In her room, she stared at the hooped iron bedstead, the mattress, the brand-new wardrobe. She had never stayed in a hotel by herself before. This was where women came, she realized—certain women. She felt that gossip could see her now—alone in a room with a bed. It seemed astonishing that Axel had let her come. It seemed astonishing that Anders Bodén had summoned her without any explanation.
Her vulnerability began to disguise itself as irritation. What was she doing here? What was he making her do? She thought of books she had read, the sort Axel disapproved of. In books, scenes in hotel bedrooms were alluded to. In books, couples ran away together—but not when one of them was in hospital. In books, there were heartwarming deathbed nuptials—but not when both parties were still married. So what was to happen? “There is a matter I would very much like to discuss with you.”
Discuss?
She was a woman in late middle age bringing a pot of cloudberry jam to a man she had known a little, twenty-three years ago. Well, it was up to him to make sense of it all. He was the man, and she had done more than her part just by coming here. She had not remained a respectable married woman all these years merely by chance.
“YOU HAVE
lost weight.”
“They say it suits me,” he replied with a smile. “They”: he obviously meant “my wife.”
“Where is your wife?”
“She visits on other days.” Which would be apparent to the hospital staff. Oh, his wife visits him on these days, and “she” visits him when his wife’s back is turned.

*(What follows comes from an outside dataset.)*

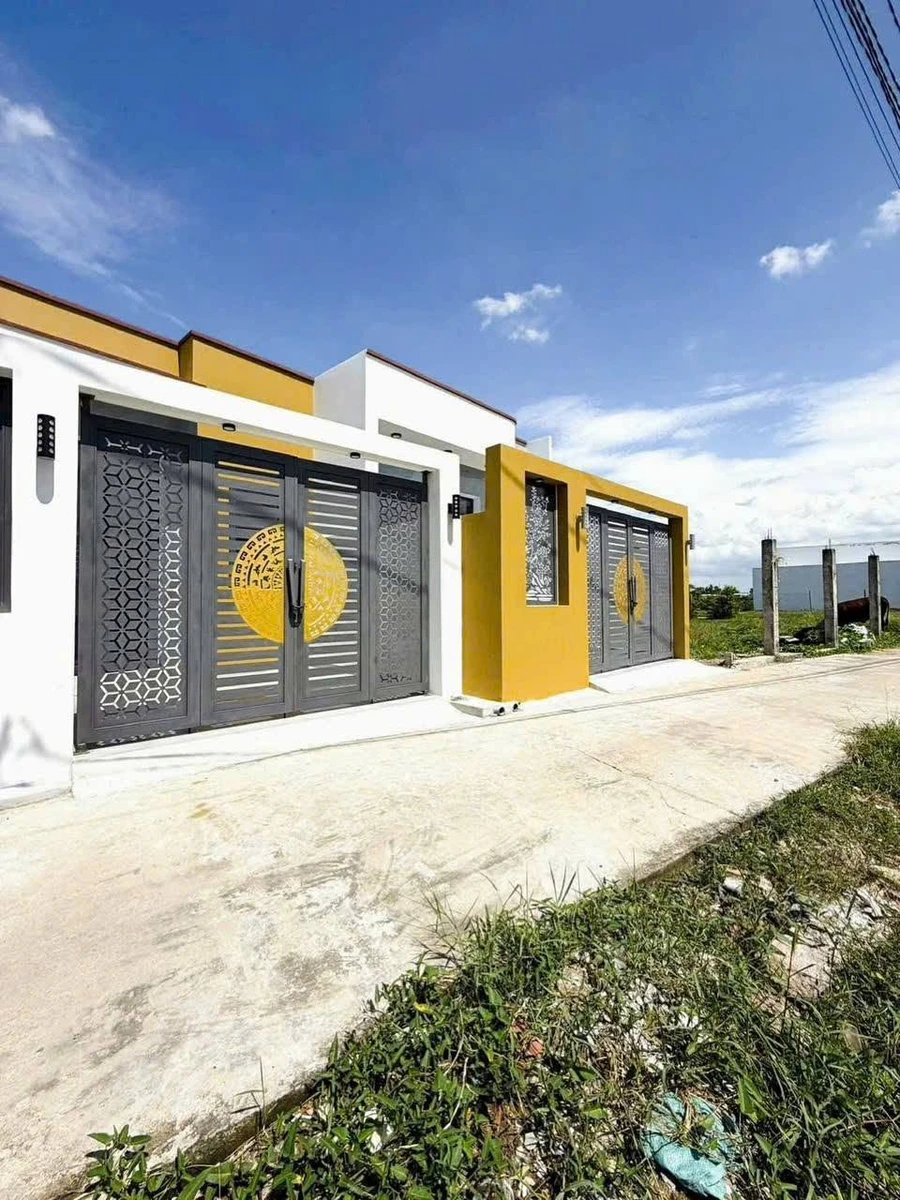 Bán nhà mới 3 PN 99m2 gần chợ Gò Đen, Bến Lức - Ảnh 1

“I thought you were very ill.”
“No, no,” he replied cheerfully. She seemed very much on edge—yes, it had to be said, a little like a squirrel, with anxious, jumping eyes. Well, he must calm her, soothe her. “I’m fine. I’ll be fine.”
“I thought …” She paused. No, things must be clear between them. “I thought you were dying.”
“I’ll last as long as any fir tree on the Hökberg.”
He sat there grinning. His beard had been freshly trimmed, his hair stylishly combed; he wasn’t dying after all, and his wife was in another town. She waited.
“That is the roof of the Kristina-Kyrka.”
She turned away, walked to the window, and looked across at the church. When Ulf was little, she always had to turn her back before he would tell her a secret. Perhaps this was what Anders Bodén needed. So she looked at the copper roof blazing in the sun and waited. After all, he was the man.